■ TASK PROMPT
Your task is to copy the lines from the line containing "Central Spacious Quirky" through the end of the listing below, both included, without any pictures.

■ EXTRACTED DATA

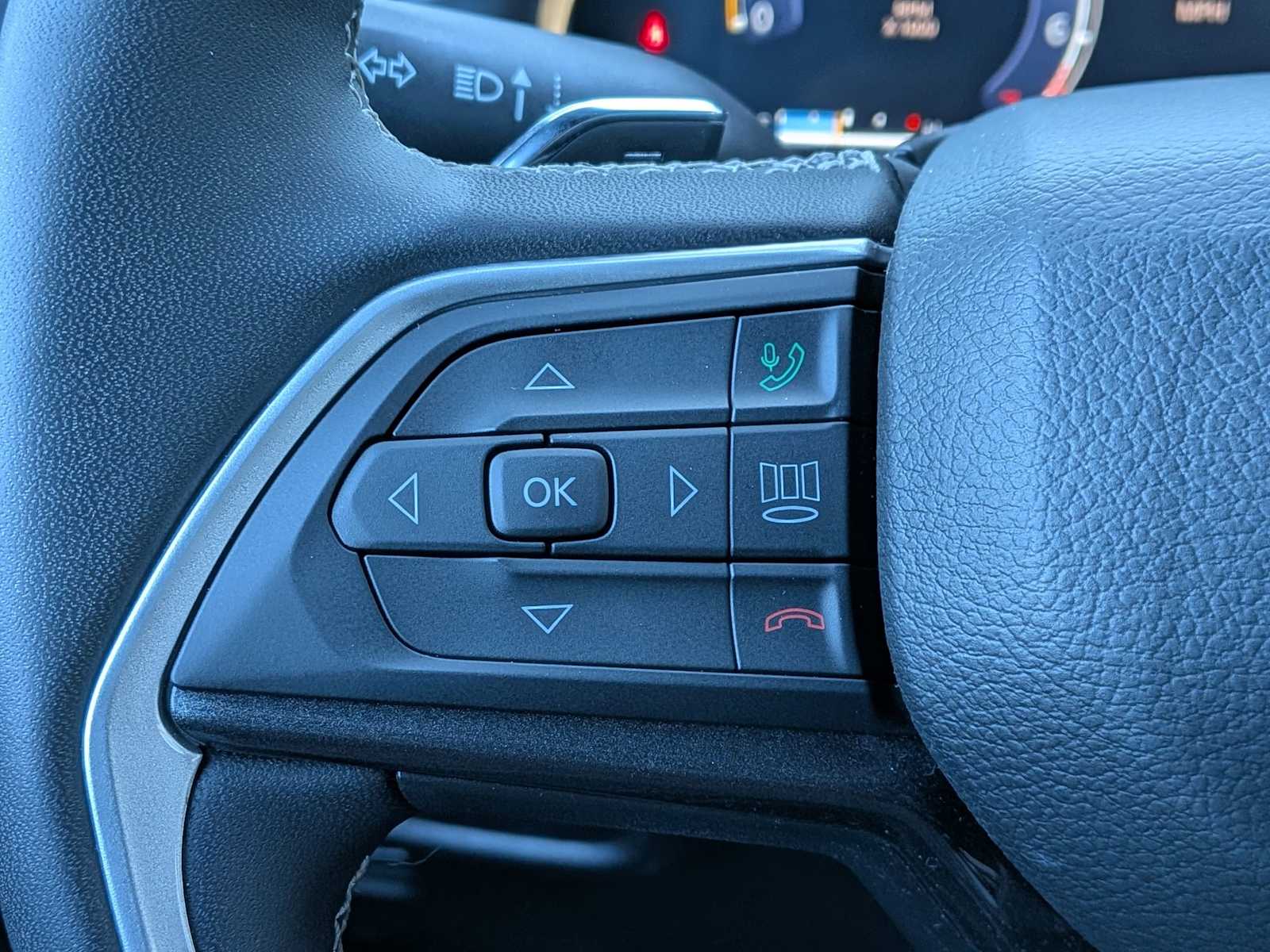 Thumbnail: 2023 Jeep Grand Cherokee - 21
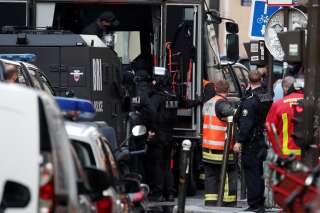 Prise d'otages à Paris: le forcené transféré en psychiatrie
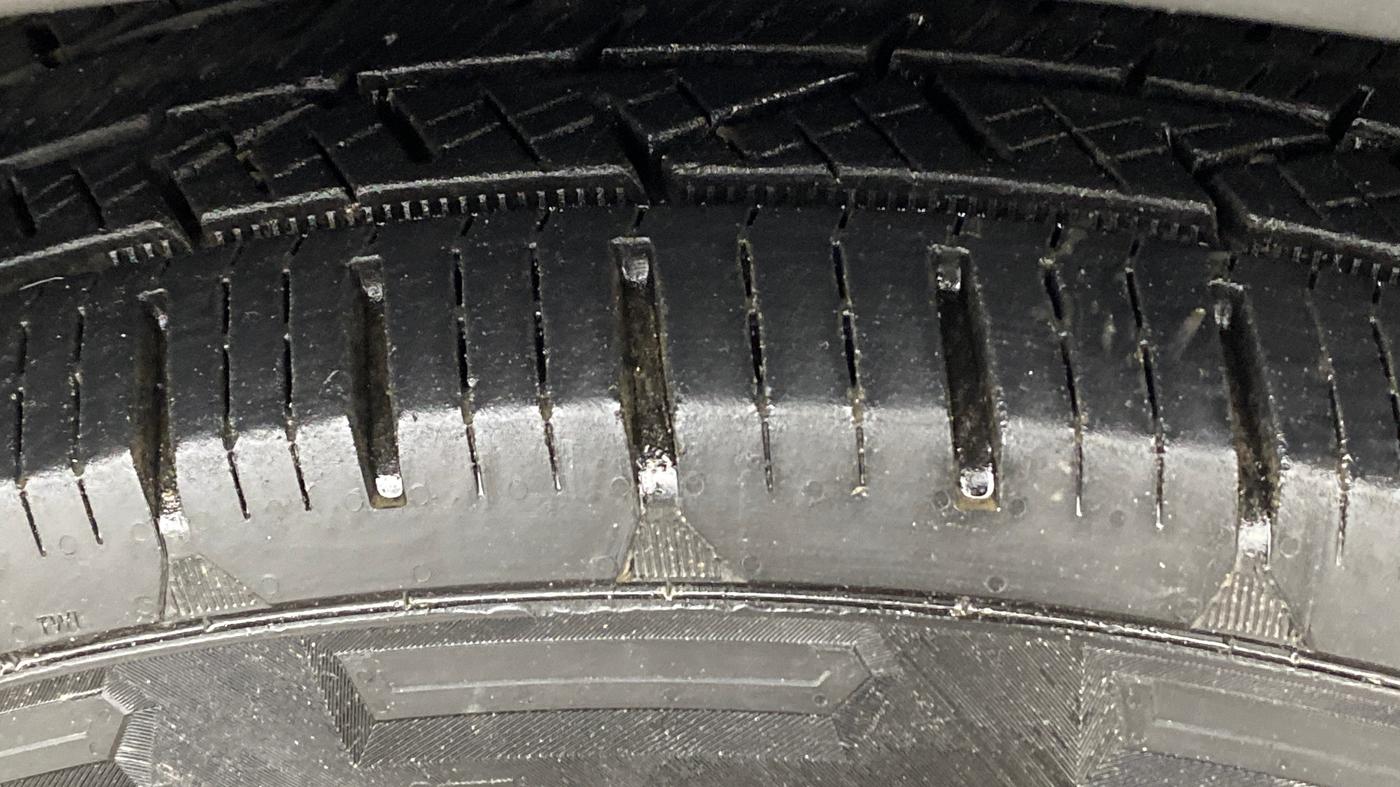 2018 Renault Captur RXT PETROL, Petrol, Manual, 1,46,833 km, Right Front Tyre Tread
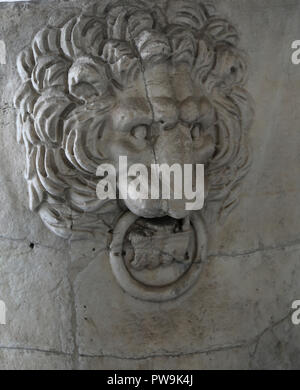 Italy. Pisa. Camposanto. Roman sarcophagus. Relief of head of lion. Stock Photo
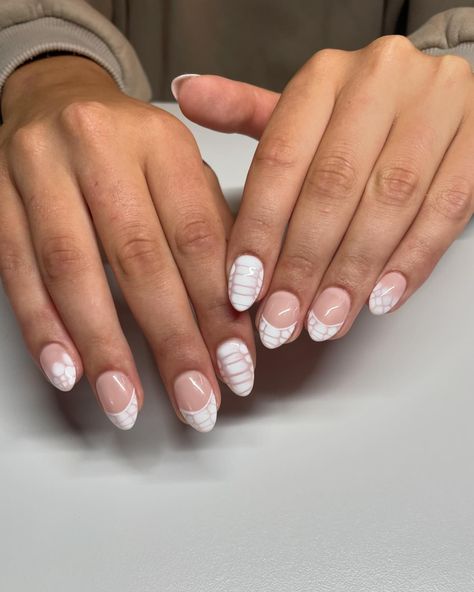 nails of the day White French Tip Nails Design, Clean French Tip Nails, White Blooming Gel Nails, White Designed Nails, Blooming Gel Nail Ideas, White Nail Designs Almond, White Design Acrylic Nails, White Nail Designs Short, White French Tip With Design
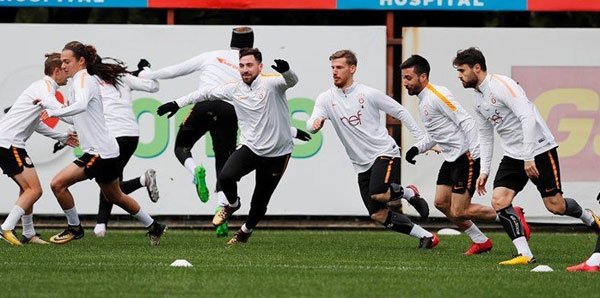 'Galatasaray'da flaş gelişme! İdmanda burnu kırıldı ve ameliyata alındı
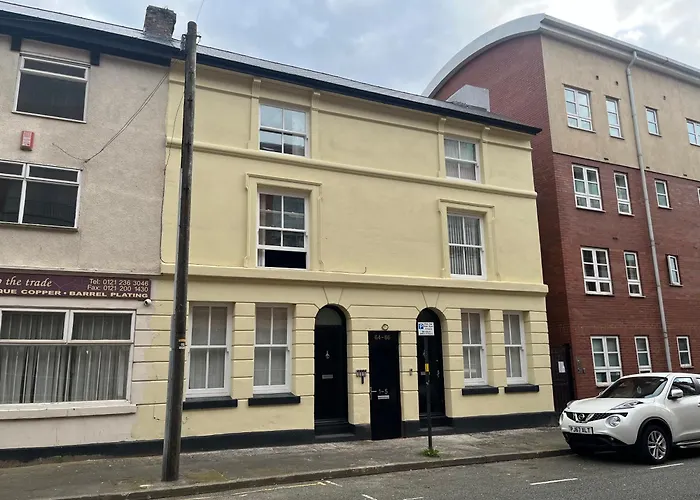 Central Spacious Quirky Apartment In Birmingham With Free Wi-Fi, Parking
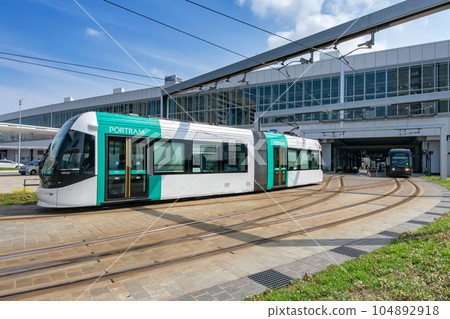 富山市營電車和富山站 104892918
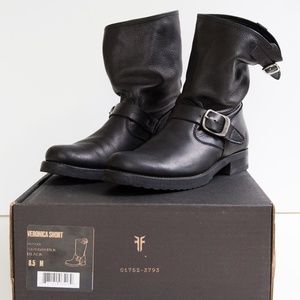 FRYE Women's Veronica Short Boot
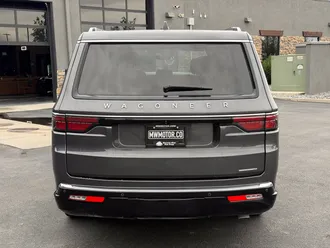 2024 Jeep Wagoneer L photo 6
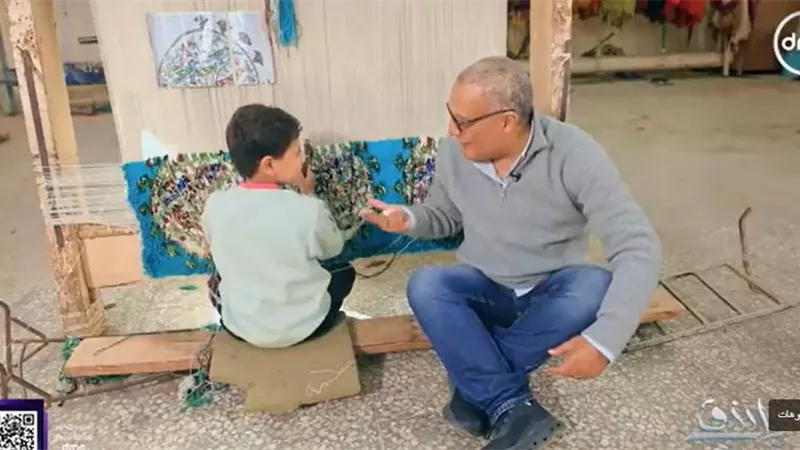 يسري الفخراني يلتقي الطفل عمر ويتعرف على صناعة السجاد اليدوي في سقارة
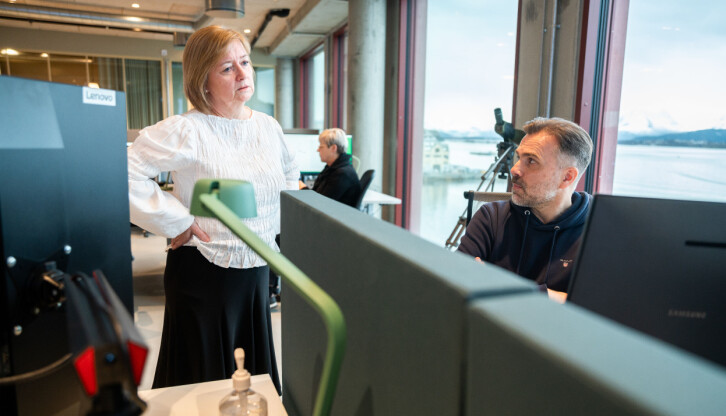 Ansvarlig redaktør i Sunnmørsposten, Hanna Relling Berg på desken med nyhetsredaktør Sindre Halkjelsvik.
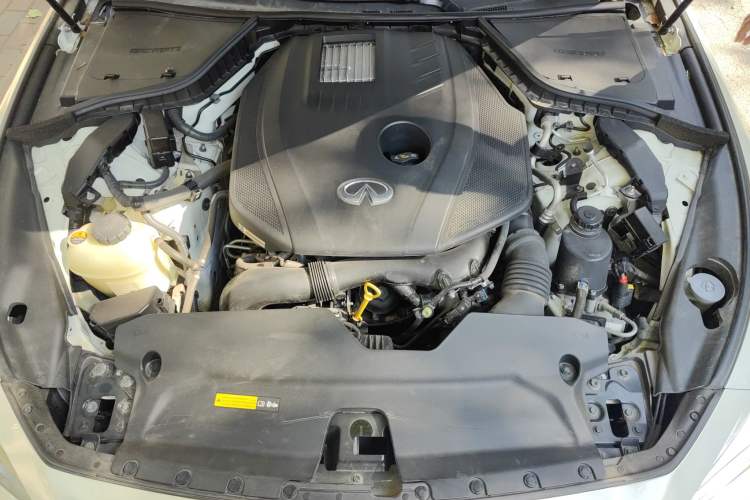 Used Infiniti Q50L 2022 2.0T Comfort Edition Engine Bay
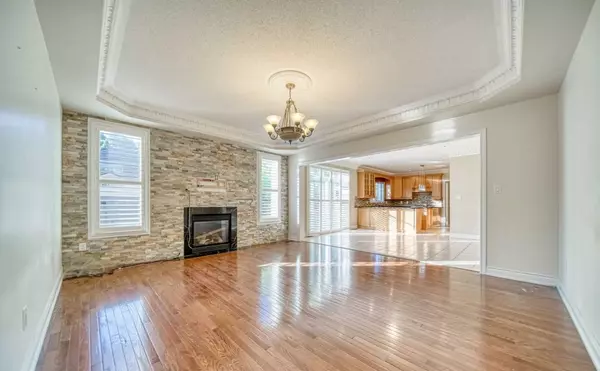 Oakville, ON L6M 4T5,2239 Devonshire CRES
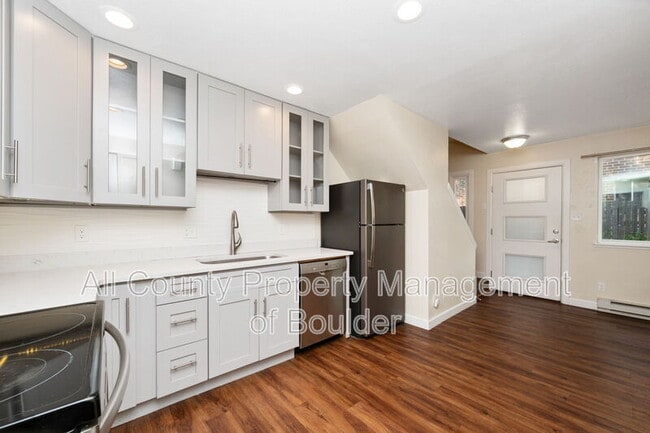 Building Photo - 2211 Spruce St
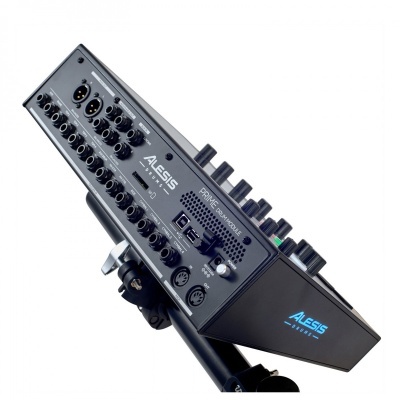 Mesa de mistura analógica preta ALESIS PRIME 13 USB com botões e entradas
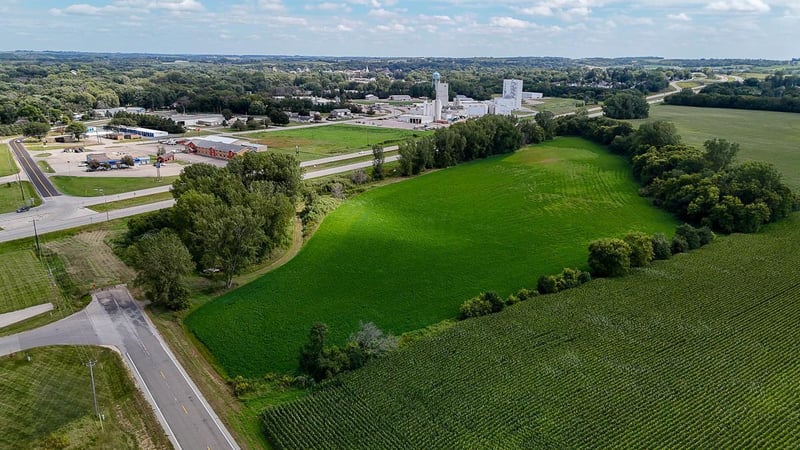 16800 County 168 Blvd, Zumbrota, MN 55992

■ RESPONSE AREA
 Central Spacious Quirky Apartment In Birmingham With Free Wi-Fi, Parking
 富山市營電車和富山站 104892918
 FRYE Women's Veronica Short Boot
 2024 Jeep Wagoneer L photo 6
 يسري الفخراني يلتقي الطفل عمر ويتعرف على صناعة السجاد اليدوي في سقارة
 Ansvarlig redaktør i Sunnmørsposten, Hanna Relling Berg på desken med nyhetsredaktør Sindre Halkjelsvik.
 Used Infiniti Q50L 2022 2.0T Comfort Edition Engine Bay
 Oakville, ON L6M 4T5,2239 Devonshire CRES
 Building Photo - 2211 Spruce St
 Mesa de mistura analógica preta ALESIS PRIME 13 USB com botões e entradas
 16800 County 168 Blvd, Zumbrota, MN 55992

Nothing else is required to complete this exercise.